2. Consideration of Explanation 1 and Explanation 2(c) to Section 147 of the Income Tax Act.
3. Legitimacy of deleting reassessment when product development expenditure was amortized and claimed as deferred revenue expenditure but not debited in the profit and loss account.

Detailed Analysis:

1. Validity of Reassessment Order:
The appellant department issued a notice under Section 148 of the Income Tax Act on 11.06.2013 for reassessment under Section 147. The reassessment was initiated after the original assessment order dated 31.12.2010. The department argued that the reassessment was necessary due to excessive relief claimed by the assessee. However, the Commissioner of Income Tax (Appeals) and the Income Tax Appellate Tribunal (ITAT) found that the reassessment was based on a change of opinion without any new material evidence. The Tribunal held that reopening after four years from the end of the relevant assessment year was outside the scope of Section 147, as the assessee had provided all relevant details during the original assessment.

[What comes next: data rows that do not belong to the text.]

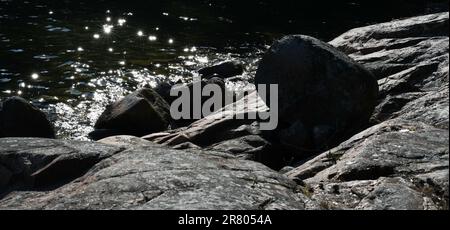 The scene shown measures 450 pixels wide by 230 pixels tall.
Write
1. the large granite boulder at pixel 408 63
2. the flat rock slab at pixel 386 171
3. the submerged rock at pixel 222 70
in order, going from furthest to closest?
the submerged rock at pixel 222 70
the large granite boulder at pixel 408 63
the flat rock slab at pixel 386 171

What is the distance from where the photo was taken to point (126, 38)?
28.8m

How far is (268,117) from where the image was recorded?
15922mm

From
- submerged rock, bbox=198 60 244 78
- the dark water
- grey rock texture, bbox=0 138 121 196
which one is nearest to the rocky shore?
grey rock texture, bbox=0 138 121 196

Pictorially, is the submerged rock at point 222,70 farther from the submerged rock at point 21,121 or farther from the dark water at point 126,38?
the submerged rock at point 21,121

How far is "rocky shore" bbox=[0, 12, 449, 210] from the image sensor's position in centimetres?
830

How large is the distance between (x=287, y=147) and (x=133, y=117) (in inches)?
231

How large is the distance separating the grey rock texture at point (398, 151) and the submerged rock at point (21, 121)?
8978 millimetres

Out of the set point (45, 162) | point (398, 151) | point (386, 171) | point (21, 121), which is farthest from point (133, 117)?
point (386, 171)

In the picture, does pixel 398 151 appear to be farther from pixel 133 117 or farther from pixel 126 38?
pixel 126 38

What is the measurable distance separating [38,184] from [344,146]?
5926 mm

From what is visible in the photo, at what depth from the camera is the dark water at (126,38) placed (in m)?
21.7

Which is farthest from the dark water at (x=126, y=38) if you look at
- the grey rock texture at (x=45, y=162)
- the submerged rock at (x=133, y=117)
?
the grey rock texture at (x=45, y=162)

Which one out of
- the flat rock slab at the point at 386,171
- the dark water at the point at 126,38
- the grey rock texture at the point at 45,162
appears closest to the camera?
the flat rock slab at the point at 386,171

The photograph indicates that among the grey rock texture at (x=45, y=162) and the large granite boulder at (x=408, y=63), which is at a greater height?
the large granite boulder at (x=408, y=63) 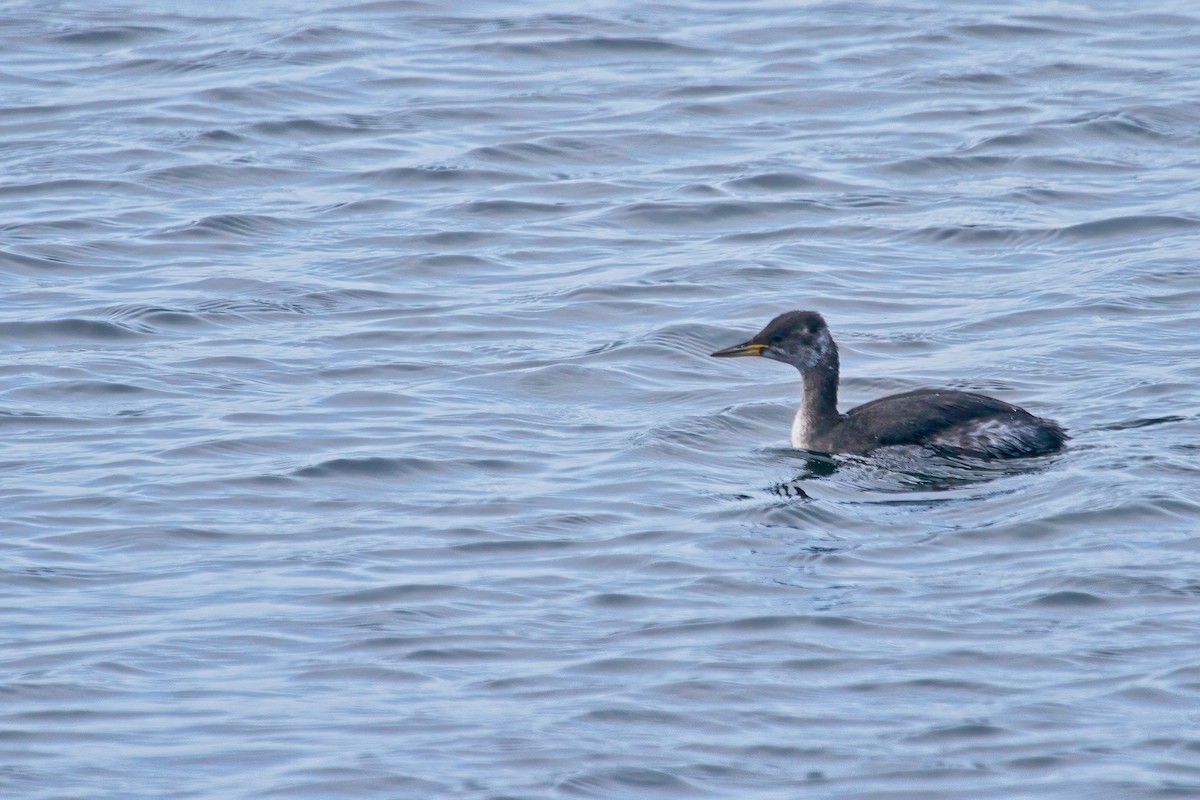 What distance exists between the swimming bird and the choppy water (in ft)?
Result: 0.66

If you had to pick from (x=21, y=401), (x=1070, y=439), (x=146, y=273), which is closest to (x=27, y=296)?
(x=146, y=273)

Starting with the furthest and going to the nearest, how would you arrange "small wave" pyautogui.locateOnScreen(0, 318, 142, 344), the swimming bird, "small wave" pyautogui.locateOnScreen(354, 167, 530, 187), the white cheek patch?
"small wave" pyautogui.locateOnScreen(354, 167, 530, 187) → "small wave" pyautogui.locateOnScreen(0, 318, 142, 344) → the white cheek patch → the swimming bird

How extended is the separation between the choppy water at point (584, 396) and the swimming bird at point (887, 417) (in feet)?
0.66

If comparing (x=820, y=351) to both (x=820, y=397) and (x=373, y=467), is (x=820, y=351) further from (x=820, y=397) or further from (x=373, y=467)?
(x=373, y=467)

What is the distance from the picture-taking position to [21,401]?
12.3 meters

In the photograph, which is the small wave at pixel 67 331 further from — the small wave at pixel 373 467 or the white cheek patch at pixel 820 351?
the white cheek patch at pixel 820 351

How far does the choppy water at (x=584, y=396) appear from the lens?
301 inches

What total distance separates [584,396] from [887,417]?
2.07 metres

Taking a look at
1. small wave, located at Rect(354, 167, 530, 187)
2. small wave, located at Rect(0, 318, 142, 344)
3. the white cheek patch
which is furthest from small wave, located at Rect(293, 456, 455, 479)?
small wave, located at Rect(354, 167, 530, 187)

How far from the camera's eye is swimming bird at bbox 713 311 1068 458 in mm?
10945

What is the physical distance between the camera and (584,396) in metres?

2. Consideration of Explanation 1 and Explanation 2(c) to Section 147:
The appellant department contended that Explanation 1 and Explanation 2(c)(iii) of Section 147 justified the reassessment. Explanation 1 states that merely producing account books does not amount to disclosure if material evidence could have been discovered with due diligence. Explanation 2(c) deems cases where income has been under-assessed or given excessive relief as cases of income escaping assessment. The reassessment order cited these provisions, but the Commissioner of Income Tax (Appeals) and the ITAT found that there was no failure on the part of the assessee to disclose material facts during the original assessment. The reassessment was deemed invalid as it was based on a change of opinion rather than new material evidence.

3. Legitimacy of Deleting Reassessment:
The department argued that the assessee amortized part of the product development expenditure and claimed the balance as deferred revenue expenditure, which was not debited in the profit and loss account. The reassessment disallowed the deferred revenue expenditure. However, the Commissioner of Income Tax (Appeals) and the ITAT found that the entire product development expenditure was disclosed during the original assessment, and the reassessment was merely a change of opinion. The Tribunal emphasized that reassessment provisions do not allow for reopening based on a mere change of opinion, citing the Supreme Court's judgment in Commissioner of Income Tax, Delhi Vs. Kelvinator of India Ltd., which states that reassessment must be based on tangible material indicating income escaping assessment.

Conclusion:
The High Court upheld the decisions of the Commissioner of Income Tax (Appeals) and the ITAT, dismissing the appeal by the department. The Court found no substantial question of law and affirmed that the reassessment was invalid as it was based on a change of opinion without new material evidence. The product development expenditure was correctly amortized and deducted by the assessee, and the reassessment was beyond the permissible period of four years. The appeal was dismissed, and the questions framed were answered in favor of the assessee.